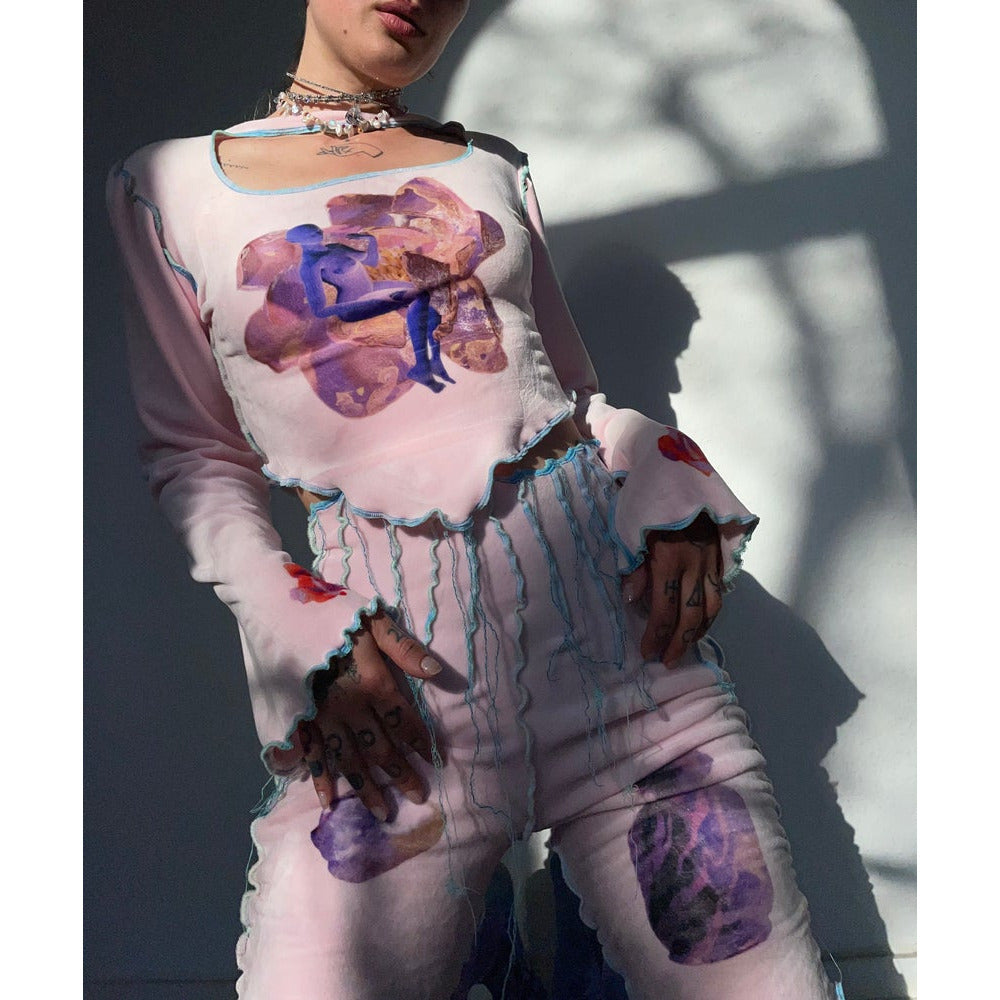 flower fairy longsleeve with cut-out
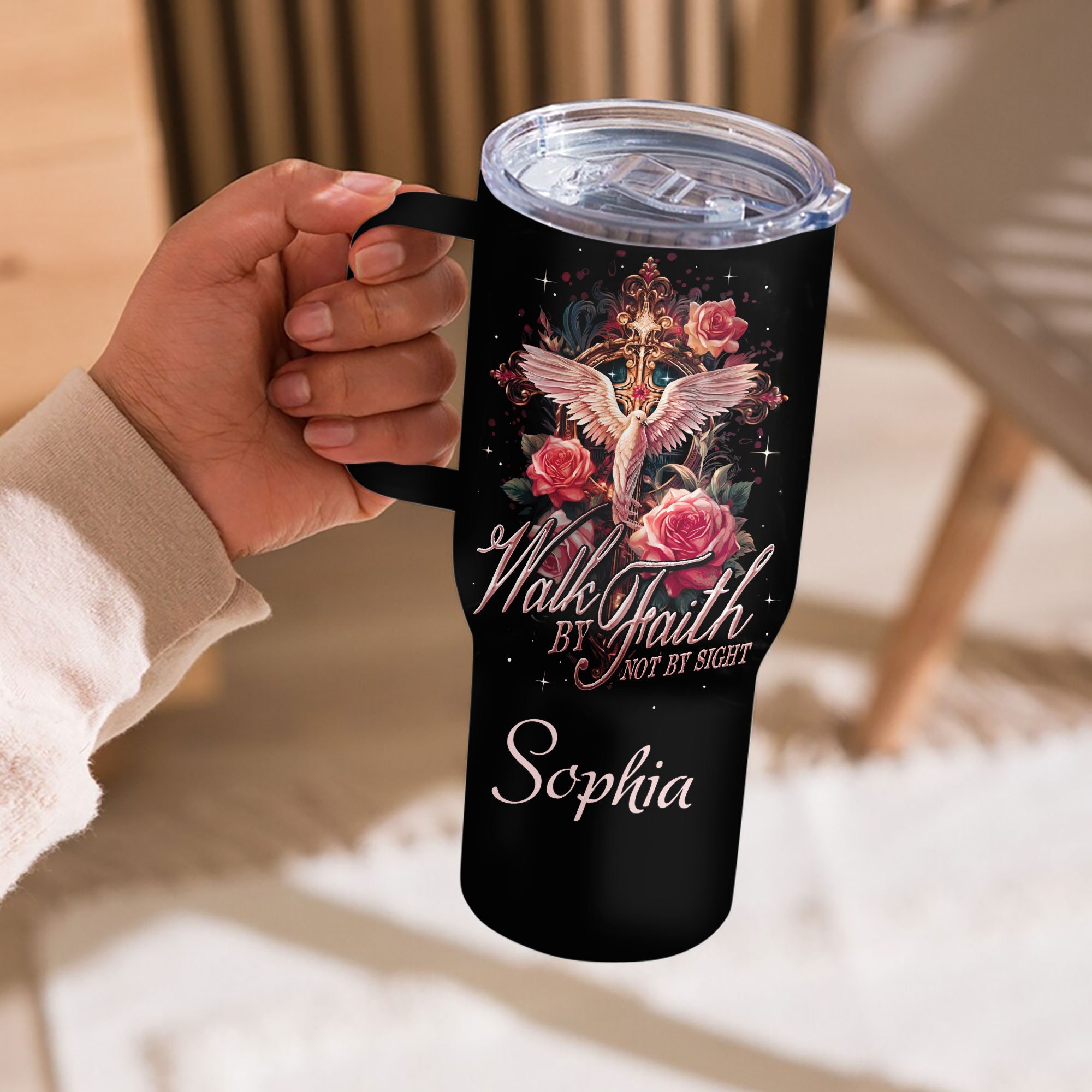 Personalized Jesus And Cross Butterfly 40 Oz Tumbler, Walk By Faith Not By Sight Tumbler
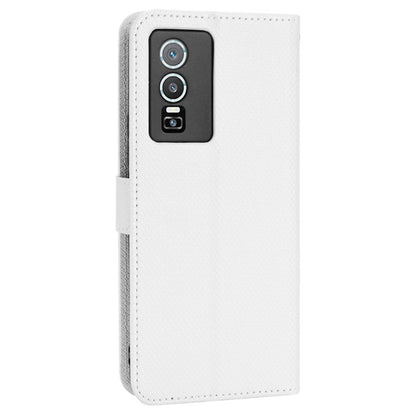 All-inclusive Protection Phone Case for vivo Y76 5G Anti-fall PU Leather Magnetic Wallet Stand Shell Folio Flip Cover with Diamond Texture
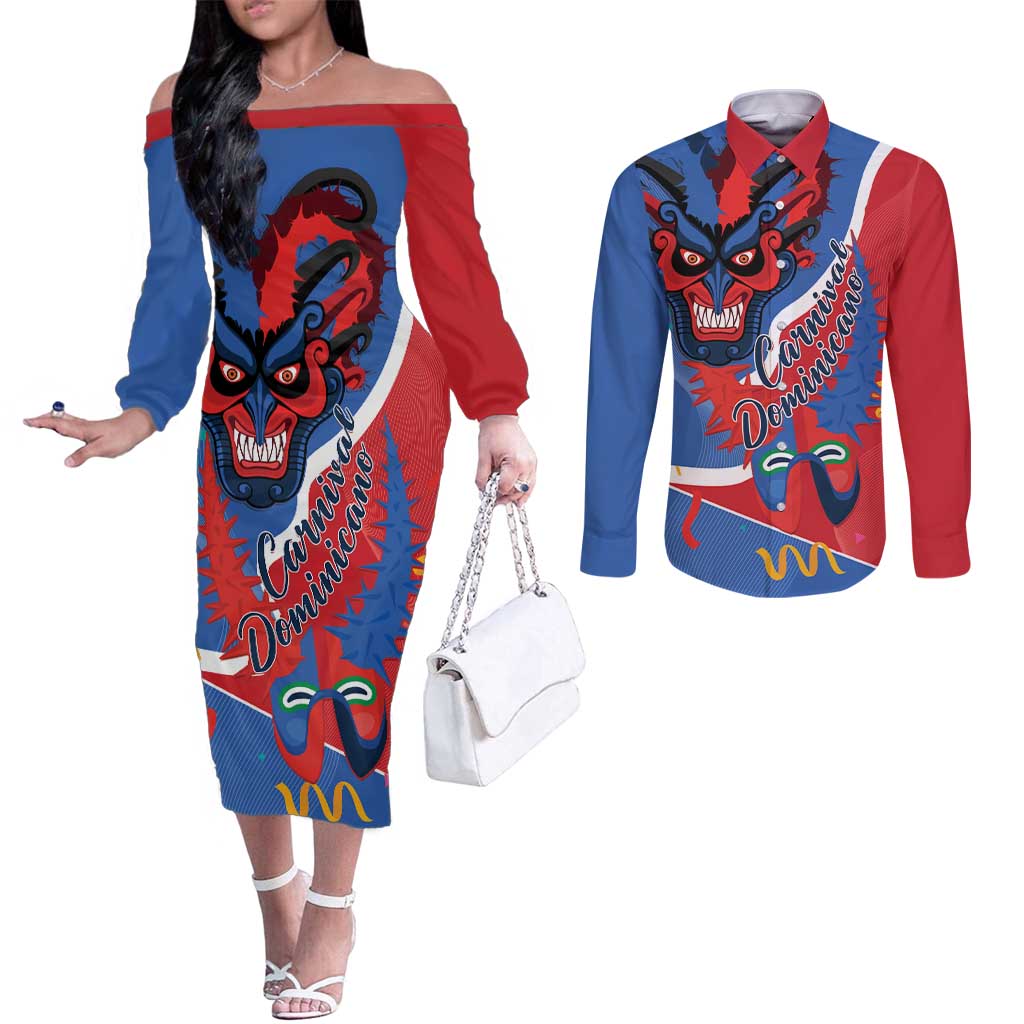 Carnival Dominicano Couples Matching Off The Shoulder Long Sleeve Dress and Long Sleeve Button Shirt Dominican Republic Diablos Cojuelos Mask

*What you are asked to do*. Would you write out the data exactly, with no pictures in the copy?

*Exercise answer*.
 flower fairy longsleeve with cut-out
 Personalized Jesus And Cross Butterfly 40 Oz Tumbler, Walk By Faith Not By Sight Tumbler
 All-inclusive Protection Phone Case for vivo Y76 5G Anti-fall PU Leather Magnetic Wallet Stand Shell Folio Flip Cover with Diamond Texture
 Carnival Dominicano Couples Matching Off The Shoulder Long Sleeve Dress and Long Sleeve Button Shirt Dominican Republic Diablos Cojuelos Mask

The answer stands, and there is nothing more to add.